Low-grade Glioma: Dr. Yock reviewed MGH data on 30 pediatric patients treated with proton radiotherapy at MGH from 1995 – 2006. Median age was 10 years (range 2 – 21 years); 60% of tumors were WHO grade 1, 20% WHO grade 2, and 20% unbiopsied. Median tumor dose was 52.2 CGE, and median follow-up 44 months. At this point, two patients have developed local recurrences (one anaplastic astrocytoma and one pleomorphic xanthoastrocytoma) -- disease free survival is 93%, and overall survival 100%. With respect to late effects, two patients, both with initial disease presentation at less than two years of age and with tumor compression of the circle of Willis, have developed Moya Moya syndrome. Both are alive and well, but have required surgical intervention. Six patients have undergone baseline and follow-up neuropsychiatric evaluation spanning approximately two years. Over that time period, no significant IQ loss has been noted. Of all 30 patients, 23% were noted to have neuroendrocrine deficits at the time of presentation; an additional 23% have developed new neuroendocrine deficits since completing treatment.
Medulloblastoma: Dr. Yock discussed the benefit of proton irradiation in delivering both phases of medulloblastoma radiotherapy – the craniospinal portion and the posterior fossa boost. She pointed out the complete lack of exit dose associated with craniospinal proton irradiation, and the resultant avoidance of dose to the heart, lung, bowel, and ovaries. She also discussed the potential to deliver dose only to the thecal sac, rather than the entire vertebral body, in children whose growth is complete. She explained that several patients treated early on at MGH developed severe esophagitis, and that MGH physicians have found that shifting the penumbra slightly in the posterior direction to avoid delivering dose to the esophagus has largely remedied this issue. With regard to the second phase of medulloblastoma treatment, the posterior fossa boost, Dr. Yock described the ability of proton irradiation to spare normal brain tissue, including the temporal lobes and cochlea, protection of which is particularly important since patients usually receive platinum-based chemotherapy. Additionally, use of protons may allow significant reduction in exit dose, sparing large portions of the supratentorial brain. This is true both when children receive boost dose to the entire posterior fossa, and when the boost is delivered only to the tumor bed. Although techniques vary somewhat between institutions currently, the issue of medulloblastoma boost is currently under investigation in a phase III Children’s Oncology Group study.
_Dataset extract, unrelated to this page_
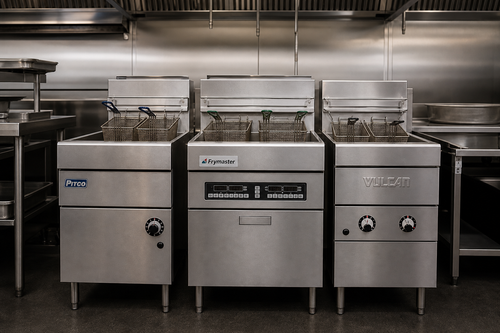 Pitco, Frymaster, and Vulcan commercial gas fryers lined up side by side on a professional kitchen fry line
With regards to partial brain treatment, Dr. Yock explained that MGH employs a method of delivery using posterior oblique fields rather than the traditional opposed lateral beams. This adjustment has been made to allow more complete sparing of the lenses while still allowing coverage of the cribiform plate.
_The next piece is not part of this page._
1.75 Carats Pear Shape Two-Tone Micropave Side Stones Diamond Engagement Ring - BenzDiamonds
Conclusions Dr. Yock concluded by explaining the potential future implications of scanning beam proton therapy and intensity modulated proton therapy in pediatric radiation oncology. Both of these techniques are expected to further increase conformality. At this point in time, when about 70% of children with cancer are ultimately cured, use of techniques to reduce risk of growth and development abnormalities, as well as second malignancies, are of great importance. Dr. Yock expressed her opinion that proton beam irradiation should and could be the standard of care in pediatric radiation oncology with in the next five to ten years, and that new technologies will increase the importance of this change even further.